Esta es un trabajo que te obliga a pasar muchas horas fuera de casa y que no sabe qué son unos días de vacaciones. Por eso, Pere ya advirtió su compañera cuando festejaban: “Le dije: ‘A mí el que me gusta es esto’. Pero siempre lo ha entendido. De hecho, si tengo una cosa clara es que el más importante es hacer piña con la familia”. Lo cree y lo ha transmitido a sus tres hijos: Pere, la Nuria y el Pau. Han crecido en este rescoldo y han querido dar continuidad a los años de trabajo y sudor del padre. El hijo grande decidió que quería quedarse en casa para tener cura de los campos. La Nuria, psicóloga de profesión, dedica sus ratos libres a darle un golpe de mano con el papeleo y los meses de verano elabora quesos. Y el pequeño, el Pau, ha estudiado en la Escuela de Capacitación Agraria. De momento, los ayuda cuando lo necesitan, pero se gana el jornal fuera de casa. “Siempre tendrá la puerta abierta, ya lo sabe”, asegura Pere con aquel tono que mezcla protección y orgullo. Y confiesa que, justamente, el único que le sabe mal es que, por culpa del trabajo, no ha podido estar en casa o con los hijos todo el que habría querido: “Algunas veces quizás se han tenido que joder los otros por culpa mía. Por suerte, si he cometido un error, he intentado no volver a tropezar”.

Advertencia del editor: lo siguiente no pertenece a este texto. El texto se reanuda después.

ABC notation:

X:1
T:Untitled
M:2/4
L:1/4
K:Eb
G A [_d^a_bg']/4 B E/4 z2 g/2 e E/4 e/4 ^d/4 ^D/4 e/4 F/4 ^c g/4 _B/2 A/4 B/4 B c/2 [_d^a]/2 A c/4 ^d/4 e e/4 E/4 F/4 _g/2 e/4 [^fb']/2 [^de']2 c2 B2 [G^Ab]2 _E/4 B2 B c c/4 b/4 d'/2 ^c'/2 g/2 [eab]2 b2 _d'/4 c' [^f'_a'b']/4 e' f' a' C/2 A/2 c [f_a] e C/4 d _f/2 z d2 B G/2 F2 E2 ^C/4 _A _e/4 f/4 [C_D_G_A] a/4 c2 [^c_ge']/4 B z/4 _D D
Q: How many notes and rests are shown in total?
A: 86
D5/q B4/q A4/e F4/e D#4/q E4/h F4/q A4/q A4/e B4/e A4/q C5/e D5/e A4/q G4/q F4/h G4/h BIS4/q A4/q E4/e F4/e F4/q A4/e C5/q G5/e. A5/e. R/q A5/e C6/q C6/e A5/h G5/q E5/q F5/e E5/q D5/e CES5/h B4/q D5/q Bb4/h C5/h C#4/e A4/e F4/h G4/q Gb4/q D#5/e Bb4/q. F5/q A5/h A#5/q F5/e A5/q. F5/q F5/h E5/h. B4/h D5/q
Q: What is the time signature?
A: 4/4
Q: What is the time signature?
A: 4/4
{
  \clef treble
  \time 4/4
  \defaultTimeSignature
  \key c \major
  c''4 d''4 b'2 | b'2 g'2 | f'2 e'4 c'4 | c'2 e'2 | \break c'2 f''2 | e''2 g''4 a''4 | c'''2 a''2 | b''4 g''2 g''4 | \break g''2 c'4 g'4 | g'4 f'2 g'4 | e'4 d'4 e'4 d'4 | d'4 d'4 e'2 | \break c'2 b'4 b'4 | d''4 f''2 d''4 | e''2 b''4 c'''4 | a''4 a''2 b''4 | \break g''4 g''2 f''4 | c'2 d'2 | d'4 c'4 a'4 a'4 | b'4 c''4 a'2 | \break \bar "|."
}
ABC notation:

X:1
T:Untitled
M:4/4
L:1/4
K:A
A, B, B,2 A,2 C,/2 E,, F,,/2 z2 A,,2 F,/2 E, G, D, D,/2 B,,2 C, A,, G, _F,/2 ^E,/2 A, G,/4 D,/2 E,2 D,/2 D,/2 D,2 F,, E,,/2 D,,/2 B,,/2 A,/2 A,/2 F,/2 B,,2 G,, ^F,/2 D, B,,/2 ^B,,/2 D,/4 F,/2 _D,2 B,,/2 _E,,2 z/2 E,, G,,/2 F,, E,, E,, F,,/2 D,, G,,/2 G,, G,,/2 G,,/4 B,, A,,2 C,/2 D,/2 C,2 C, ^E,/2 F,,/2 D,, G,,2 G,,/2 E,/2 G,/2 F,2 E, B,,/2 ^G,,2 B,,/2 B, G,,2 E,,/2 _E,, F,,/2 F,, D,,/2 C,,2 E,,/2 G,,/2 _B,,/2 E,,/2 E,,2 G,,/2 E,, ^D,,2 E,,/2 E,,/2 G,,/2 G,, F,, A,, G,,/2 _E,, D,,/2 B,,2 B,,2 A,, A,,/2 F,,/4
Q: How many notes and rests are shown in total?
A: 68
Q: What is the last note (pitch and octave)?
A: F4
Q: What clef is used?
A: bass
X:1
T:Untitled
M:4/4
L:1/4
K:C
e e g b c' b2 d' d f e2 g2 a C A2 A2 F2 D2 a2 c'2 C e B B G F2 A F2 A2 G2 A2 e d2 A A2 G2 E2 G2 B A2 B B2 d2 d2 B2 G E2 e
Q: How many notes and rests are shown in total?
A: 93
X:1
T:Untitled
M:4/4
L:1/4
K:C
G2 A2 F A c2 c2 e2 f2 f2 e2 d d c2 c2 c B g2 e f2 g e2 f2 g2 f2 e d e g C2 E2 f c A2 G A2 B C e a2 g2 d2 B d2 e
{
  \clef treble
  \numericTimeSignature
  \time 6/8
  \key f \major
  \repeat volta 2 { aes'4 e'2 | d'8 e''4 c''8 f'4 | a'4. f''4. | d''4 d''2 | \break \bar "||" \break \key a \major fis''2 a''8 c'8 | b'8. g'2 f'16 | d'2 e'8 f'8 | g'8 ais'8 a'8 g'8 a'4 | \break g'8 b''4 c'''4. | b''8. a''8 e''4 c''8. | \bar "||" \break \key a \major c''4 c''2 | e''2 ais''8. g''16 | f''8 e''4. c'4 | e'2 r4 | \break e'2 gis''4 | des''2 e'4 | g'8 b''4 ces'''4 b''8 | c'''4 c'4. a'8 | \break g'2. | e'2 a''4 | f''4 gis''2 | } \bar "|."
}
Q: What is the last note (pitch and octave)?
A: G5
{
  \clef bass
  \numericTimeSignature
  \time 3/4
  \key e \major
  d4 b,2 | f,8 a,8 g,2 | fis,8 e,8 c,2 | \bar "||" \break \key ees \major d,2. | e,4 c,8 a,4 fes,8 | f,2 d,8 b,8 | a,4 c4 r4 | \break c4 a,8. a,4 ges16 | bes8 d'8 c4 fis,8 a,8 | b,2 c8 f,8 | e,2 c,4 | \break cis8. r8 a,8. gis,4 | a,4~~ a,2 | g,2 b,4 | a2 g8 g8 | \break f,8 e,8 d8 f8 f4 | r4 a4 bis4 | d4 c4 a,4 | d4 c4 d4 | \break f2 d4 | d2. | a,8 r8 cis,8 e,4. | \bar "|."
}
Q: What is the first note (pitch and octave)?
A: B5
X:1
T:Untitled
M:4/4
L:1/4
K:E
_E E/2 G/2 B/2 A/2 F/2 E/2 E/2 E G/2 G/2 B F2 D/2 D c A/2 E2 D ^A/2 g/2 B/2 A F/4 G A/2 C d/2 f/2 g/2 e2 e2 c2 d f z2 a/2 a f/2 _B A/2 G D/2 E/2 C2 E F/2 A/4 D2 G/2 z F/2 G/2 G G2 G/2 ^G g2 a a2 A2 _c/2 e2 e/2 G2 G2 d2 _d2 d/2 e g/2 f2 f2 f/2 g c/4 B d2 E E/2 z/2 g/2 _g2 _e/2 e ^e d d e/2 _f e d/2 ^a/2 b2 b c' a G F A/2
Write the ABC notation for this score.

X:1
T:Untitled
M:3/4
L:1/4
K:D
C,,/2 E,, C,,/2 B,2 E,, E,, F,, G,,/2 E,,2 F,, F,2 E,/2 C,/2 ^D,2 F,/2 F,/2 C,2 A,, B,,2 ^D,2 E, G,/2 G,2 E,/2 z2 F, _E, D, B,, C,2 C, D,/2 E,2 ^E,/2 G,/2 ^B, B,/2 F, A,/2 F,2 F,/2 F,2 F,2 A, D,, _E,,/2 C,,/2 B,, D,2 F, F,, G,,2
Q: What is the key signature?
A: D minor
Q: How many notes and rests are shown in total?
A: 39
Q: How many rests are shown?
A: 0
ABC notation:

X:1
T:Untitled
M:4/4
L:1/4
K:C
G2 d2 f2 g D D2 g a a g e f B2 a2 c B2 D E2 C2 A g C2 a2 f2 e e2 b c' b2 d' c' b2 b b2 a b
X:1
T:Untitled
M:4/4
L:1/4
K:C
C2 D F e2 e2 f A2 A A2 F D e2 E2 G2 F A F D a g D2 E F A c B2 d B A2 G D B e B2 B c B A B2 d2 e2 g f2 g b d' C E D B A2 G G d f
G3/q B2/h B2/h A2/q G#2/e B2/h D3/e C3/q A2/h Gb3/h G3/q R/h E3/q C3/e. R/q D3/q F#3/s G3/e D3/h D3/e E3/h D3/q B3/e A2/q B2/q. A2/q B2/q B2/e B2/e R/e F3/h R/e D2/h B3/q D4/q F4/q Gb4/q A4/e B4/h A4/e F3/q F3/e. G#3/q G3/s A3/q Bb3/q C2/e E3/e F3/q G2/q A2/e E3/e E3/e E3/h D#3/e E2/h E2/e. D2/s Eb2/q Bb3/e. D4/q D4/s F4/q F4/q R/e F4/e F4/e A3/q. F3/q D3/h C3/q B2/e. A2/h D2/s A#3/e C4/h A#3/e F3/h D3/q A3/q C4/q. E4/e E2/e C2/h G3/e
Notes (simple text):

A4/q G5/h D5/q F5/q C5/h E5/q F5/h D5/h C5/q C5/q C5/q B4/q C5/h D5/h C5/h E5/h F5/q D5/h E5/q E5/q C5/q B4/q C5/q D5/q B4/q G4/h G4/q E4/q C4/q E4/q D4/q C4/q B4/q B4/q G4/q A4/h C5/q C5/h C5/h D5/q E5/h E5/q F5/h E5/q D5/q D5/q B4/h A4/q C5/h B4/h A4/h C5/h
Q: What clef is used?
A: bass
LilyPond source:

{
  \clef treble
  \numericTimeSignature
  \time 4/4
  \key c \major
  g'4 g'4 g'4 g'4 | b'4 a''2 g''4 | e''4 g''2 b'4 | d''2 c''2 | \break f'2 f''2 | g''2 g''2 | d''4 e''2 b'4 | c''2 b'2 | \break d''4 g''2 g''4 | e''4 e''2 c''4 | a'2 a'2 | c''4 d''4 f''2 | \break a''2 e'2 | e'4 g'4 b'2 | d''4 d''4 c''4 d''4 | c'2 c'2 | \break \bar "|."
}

Tiene muchas horas para detectar las decisiones desacertadas. Como mínimo, siete cada día. Si le preguntas qué cabòries tiene mientras pasto, Pere responde explicando una pequeña anécdota. “Un día se encuentran un pastor y un filósofo. El filósofo le pregunta al pastor: ‘Qué piensas, tú?’ Y el pastor le dice: ‘Yo no pienso gran cosa, ya tengo la cabaña llena de queso. Eres tú quien tienes que pensar’”, narra. Quizás no nos confesará qué piensa pero sí qué canta. La suya es una melodía llena de erres. El sonido de esta letra encisa a la manada, lo hace creer. Y lo tiene muy muy enseñado. Él, con la colaboración de la Estrella, dice que pasto de oído, no de vista. No hace falta que vea las cabras por saber por donde se mueven. Distingue todos los instrumentos de la orquesta, cada esquella es única. Las identifica por el sonido y por sus características físicas. “Hace pocos días, una ingeniera vino a hacer una inspección y cuando acabó me dijo: ‘No has perdido nada?’. Yo le dije que sí, que me faltaban dos cabras –una blanca y banyuda con un collar de color rojo y otra de rosseta, pequeña–, pero que confiaba que al atardecer las encontraría al corral. Se quedó paralizada, no se lo podía creer”, asegura. Cómo en cualquier oficio, cada cual conoce qué se esconde entre bambalinas. Cada cual conoce su manada.

Reconoce la manada, pero también el bosque. Ha paseado tantas veces que te podría identificar cada pequeño rincón. Por eso trabaja de forma cooperativa con los ingenieros forestales para saber cuál es, en cada momento, la mejor zona para pacer, para limpiar. Él ha podido comprobar como las cabras pueden protegernos de las llamas. Sabe donde hay aquel trozo de árbol que recibió el impacto de un rayo y que, gracias a tener el bosque neto, no consiguió prender fuego. El uso de las manadas para la limpieza del sotobosque es la mejor prevención para evitar los incendios forestales. A la vez, según lo Pere, suponen un ahorro económico y contribuyen positivamente en el desarrollo de las actividades ganaderas. Todo el mundo sale ganando. La administración y los ganaderos. Los ganaderos y la administración. Y, por extensión, el resto de ciudadanos que pasean por los bosques catalanes. Bosques netos y cabras muy alimentadas. Un hecho que acaba repercutiendo en la calidad de la carne. “El ganado que pasto produce una carne buenísima. También es más cara, pero los consumidores tienen que valorar el gusto”, detalla Pere.

Lo explica sabiendo que el consumo de carne ha disminuido. Pero él continúa trabajando, satisfecho, feliz con su trabajo y cabreado: las cabras son su vida. Si existe un cabreo bonito, este es lo de Pere.